VICKSBURG First Week of May

FRIDAY, MAY 1, 1863
In Northern Virginia, Union General Joseph Hooker crosses the Rapidan River and throws his army against Robert E. Lee’s Army of Northern Virginia. But after splitting the Rebels between the town of Fredericksburg and the tiny crossroads of Chancellorsville Clearing , Hooker halts his advance, hoping Lee will take the opportunity to throw his troops against the now dug in Union army to his front. Lee does not oblige.
 Meanwhile, Col. Benjamin Grierson’s nine hundred and fifty Midwesterners are just west of Magnolia, Mississippi when they stumble into Rebel Cavalry under Major James De Baun. After a brief skirmish both sides withdraw.
As dawn breaks over the Mississippi River valley the largest amphibious operation in American history prior to the 1944 invasion of  Normandy, begins. The  24th and 46th Indiana regiments of McClerand’s 13th Corp are the first to rush ashore at Bruinsburg, south of Port Gibson.
By evening 17,000 men have occupied the bluffs above the river and have begun to push down the road southward, toward the vital bridge crossing over Bayou Pierre. This road then turns north and heads for Grand Gulf,  and Vicksburg, 30 miles further north.

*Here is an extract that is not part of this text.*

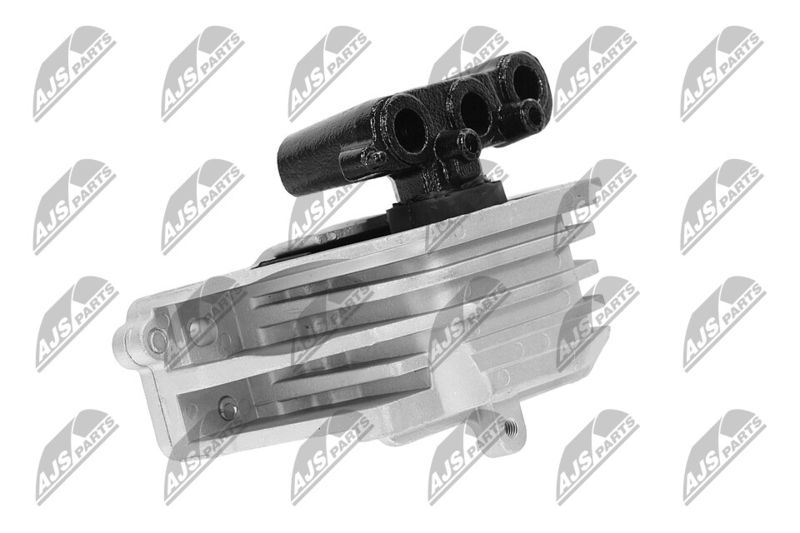 Paigutus, Mootor, NTY ZPS-CH-103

The heavily wooded country is divided by steep drainage's  up to 100’ deep, with the few roads running along the ridge crests.  At about 8:00 am on the first of May the Union forces had hit the Rebels. It is a strong position for a defense,  but General Bowen has barely a fraction of the troops he needs. If Grant gives him time, reinforcements can be sent down from Port Gibson, but Grant has no intention of giving Bowen any time at all.
Grant pushes McPherson's men forward as quickly as they can be issued ammo and rations. They join McClernand’s corps already engaged with the Rebels. General Bowen knows this is a good place to stop the Union forces, and he insists that his men refuse to give ground. At one point Col. Cockrell even leads a fierce counter attack that sets McClerand’s men back on their heels. But on the opposite flank McPherson’s men outflank the Confederates and force Bowen to order a general retreat. He burns the Bayou Pierre Bridge before abandoning Port Gibson. Union losses are 131 dead and 719 wounded, with 25 missing. Confederate losses are unknown.
SATURDAY, MAY 2, 1863
At about 4:30 pm, at Chancellorsville Clearing, on Virginia's Rapidan River, Confederate General Thomas “Stonewall” Jackson, leading 28,000 men on a long sweeping march, falls on the left flank and rear of the Union Army like a sledgehammer. He takes 4,000 prisoners before the Federal soldiers even have time to form a line of battle. Jackson's men drive the Union troops back two miles before darkness finally brings the fight to a close. It is an overwhelming Confederate victory, confirmed even to the confused General Hooker after two more days of indecisive fighting.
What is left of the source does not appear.